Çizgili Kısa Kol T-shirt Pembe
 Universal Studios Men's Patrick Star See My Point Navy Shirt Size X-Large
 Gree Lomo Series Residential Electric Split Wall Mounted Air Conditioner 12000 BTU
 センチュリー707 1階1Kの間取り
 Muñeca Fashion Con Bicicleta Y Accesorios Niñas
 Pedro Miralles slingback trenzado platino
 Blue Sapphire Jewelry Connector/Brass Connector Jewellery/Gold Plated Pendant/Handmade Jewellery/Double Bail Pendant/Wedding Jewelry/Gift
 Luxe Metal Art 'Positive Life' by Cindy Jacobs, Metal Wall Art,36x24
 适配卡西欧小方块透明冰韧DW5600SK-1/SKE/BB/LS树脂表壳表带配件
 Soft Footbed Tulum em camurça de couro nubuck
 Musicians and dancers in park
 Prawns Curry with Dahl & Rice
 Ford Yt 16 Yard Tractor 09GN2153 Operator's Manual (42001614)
_ _ _ _ _
* [TASK TO COMPLETE]:
Count the lines of the data that include the string "Wall", and give only that number.

* [WRITTEN ANSWER]:
2